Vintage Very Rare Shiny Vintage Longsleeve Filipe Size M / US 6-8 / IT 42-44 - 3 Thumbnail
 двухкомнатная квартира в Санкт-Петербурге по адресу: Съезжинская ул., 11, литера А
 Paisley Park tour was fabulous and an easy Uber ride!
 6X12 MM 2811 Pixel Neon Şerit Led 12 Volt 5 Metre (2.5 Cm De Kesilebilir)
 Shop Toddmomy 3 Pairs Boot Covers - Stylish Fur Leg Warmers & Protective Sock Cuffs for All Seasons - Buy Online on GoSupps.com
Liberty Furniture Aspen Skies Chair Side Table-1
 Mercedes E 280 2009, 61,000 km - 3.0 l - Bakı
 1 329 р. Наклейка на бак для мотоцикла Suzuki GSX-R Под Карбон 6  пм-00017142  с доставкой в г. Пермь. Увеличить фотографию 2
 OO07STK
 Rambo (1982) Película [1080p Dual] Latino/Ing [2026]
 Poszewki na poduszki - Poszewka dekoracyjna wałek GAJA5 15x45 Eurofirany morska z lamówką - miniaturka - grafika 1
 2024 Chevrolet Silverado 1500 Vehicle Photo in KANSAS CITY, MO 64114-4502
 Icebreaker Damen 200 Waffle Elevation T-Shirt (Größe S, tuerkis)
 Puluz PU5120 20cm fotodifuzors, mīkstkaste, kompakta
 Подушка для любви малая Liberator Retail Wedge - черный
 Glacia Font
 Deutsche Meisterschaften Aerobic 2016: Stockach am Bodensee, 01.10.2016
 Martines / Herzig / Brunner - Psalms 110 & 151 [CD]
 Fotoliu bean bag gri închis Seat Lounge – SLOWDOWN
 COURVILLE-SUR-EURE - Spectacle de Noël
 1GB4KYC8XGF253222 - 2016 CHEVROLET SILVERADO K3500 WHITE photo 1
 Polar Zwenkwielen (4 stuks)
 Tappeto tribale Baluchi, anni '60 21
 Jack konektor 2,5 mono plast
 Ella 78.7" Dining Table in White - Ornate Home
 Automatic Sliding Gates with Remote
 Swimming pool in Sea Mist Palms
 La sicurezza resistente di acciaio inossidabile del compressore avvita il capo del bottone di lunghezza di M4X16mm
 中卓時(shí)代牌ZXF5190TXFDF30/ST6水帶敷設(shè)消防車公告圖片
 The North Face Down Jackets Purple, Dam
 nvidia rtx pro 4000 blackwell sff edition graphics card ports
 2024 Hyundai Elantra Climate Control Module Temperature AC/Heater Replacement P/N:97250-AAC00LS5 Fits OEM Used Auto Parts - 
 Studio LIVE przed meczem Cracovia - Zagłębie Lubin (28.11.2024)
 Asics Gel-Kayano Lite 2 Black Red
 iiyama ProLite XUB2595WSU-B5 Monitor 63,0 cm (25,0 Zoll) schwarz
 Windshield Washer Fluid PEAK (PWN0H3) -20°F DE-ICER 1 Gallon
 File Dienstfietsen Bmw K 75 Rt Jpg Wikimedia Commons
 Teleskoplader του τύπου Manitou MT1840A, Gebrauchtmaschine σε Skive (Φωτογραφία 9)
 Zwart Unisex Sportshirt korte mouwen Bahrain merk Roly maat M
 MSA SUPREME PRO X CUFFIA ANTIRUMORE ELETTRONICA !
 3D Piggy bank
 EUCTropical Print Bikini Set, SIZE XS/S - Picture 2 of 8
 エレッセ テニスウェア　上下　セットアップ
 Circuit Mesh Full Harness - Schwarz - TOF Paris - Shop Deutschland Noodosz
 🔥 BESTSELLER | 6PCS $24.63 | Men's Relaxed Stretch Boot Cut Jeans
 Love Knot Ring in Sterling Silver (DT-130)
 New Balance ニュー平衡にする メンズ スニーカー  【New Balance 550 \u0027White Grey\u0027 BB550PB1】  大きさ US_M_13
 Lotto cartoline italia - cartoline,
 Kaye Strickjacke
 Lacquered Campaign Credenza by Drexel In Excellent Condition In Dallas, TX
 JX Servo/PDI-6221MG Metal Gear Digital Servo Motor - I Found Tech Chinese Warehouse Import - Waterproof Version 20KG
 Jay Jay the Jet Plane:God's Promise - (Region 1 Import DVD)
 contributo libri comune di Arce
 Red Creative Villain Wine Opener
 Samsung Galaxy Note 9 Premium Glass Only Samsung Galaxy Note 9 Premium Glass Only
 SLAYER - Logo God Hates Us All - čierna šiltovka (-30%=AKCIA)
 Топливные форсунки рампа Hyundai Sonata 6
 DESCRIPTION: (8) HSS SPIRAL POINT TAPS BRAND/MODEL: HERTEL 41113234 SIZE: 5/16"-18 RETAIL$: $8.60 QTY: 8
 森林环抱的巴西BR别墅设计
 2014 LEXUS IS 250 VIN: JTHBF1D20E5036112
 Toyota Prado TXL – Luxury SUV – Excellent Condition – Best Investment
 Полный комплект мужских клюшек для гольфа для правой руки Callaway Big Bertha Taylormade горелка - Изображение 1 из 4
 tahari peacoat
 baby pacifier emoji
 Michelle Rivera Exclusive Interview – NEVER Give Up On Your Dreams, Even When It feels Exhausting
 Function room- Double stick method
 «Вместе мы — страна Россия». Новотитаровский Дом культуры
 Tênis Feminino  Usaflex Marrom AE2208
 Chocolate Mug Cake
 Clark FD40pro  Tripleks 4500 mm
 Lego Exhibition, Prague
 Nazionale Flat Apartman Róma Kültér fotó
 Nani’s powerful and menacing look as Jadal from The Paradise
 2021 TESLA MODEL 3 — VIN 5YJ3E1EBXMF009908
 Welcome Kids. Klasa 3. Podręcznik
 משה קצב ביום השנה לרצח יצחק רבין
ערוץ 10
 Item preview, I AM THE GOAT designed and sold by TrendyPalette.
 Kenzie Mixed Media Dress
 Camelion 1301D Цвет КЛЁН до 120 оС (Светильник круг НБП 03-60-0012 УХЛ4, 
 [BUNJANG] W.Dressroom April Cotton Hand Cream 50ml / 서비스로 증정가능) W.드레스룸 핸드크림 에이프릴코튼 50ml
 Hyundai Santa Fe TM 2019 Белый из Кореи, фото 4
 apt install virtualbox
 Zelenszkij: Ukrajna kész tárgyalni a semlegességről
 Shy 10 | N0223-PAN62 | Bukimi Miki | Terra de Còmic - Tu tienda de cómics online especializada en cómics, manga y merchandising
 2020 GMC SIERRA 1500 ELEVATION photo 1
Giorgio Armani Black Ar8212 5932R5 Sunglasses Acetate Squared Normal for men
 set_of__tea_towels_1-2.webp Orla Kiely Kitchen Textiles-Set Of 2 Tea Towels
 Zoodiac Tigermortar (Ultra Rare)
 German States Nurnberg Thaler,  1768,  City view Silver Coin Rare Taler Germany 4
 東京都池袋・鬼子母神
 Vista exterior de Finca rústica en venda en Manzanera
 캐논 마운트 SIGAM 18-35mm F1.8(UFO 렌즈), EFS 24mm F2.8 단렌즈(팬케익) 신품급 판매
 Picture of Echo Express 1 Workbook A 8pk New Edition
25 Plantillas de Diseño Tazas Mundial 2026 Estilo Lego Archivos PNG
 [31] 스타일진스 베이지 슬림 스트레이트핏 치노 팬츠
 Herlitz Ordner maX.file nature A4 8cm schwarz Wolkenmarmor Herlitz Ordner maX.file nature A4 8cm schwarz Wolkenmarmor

> _Exercise brief_: Return exactly, and only, the lines above starting at the line that contains "中卓時(shí)代牌ZXF5" and ending at the line that contains "New Balance ニュー平衡にする".

> _Result_:
 中卓時(shí)代牌ZXF5190TXFDF30/ST6水帶敷設(shè)消防車公告圖片
 The North Face Down Jackets Purple, Dam
 nvidia rtx pro 4000 blackwell sff edition graphics card ports
 2024 Hyundai Elantra Climate Control Module Temperature AC/Heater Replacement P/N:97250-AAC00LS5 Fits OEM Used Auto Parts - 
 Studio LIVE przed meczem Cracovia - Zagłębie Lubin (28.11.2024)
 Asics Gel-Kayano Lite 2 Black Red
 iiyama ProLite XUB2595WSU-B5 Monitor 63,0 cm (25,0 Zoll) schwarz
 Windshield Washer Fluid PEAK (PWN0H3) -20°F DE-ICER 1 Gallon
 File Dienstfietsen Bmw K 75 Rt Jpg Wikimedia Commons
 Teleskoplader του τύπου Manitou MT1840A, Gebrauchtmaschine σε Skive (Φωτογραφία 9)
 Zwart Unisex Sportshirt korte mouwen Bahrain merk Roly maat M
 MSA SUPREME PRO X CUFFIA ANTIRUMORE ELETTRONICA !
 3D Piggy bank
 EUCTropical Print Bikini Set, SIZE XS/S - Picture 2 of 8
 エレッセ テニスウェア　上下　セットアップ
 Circuit Mesh Full Harness - Schwarz - TOF Paris - Shop Deutschland Noodosz
 🔥 BESTSELLER | 6PCS $24.63 | Men's Relaxed Stretch Boot Cut Jeans
 Love Knot Ring in Sterling Silver (DT-130)
 New Balance ニュー平衡にする メンズ スニーカー  【New Balance 550 \u0027White Grey\u0027 BB550PB1】  大きさ US_M_13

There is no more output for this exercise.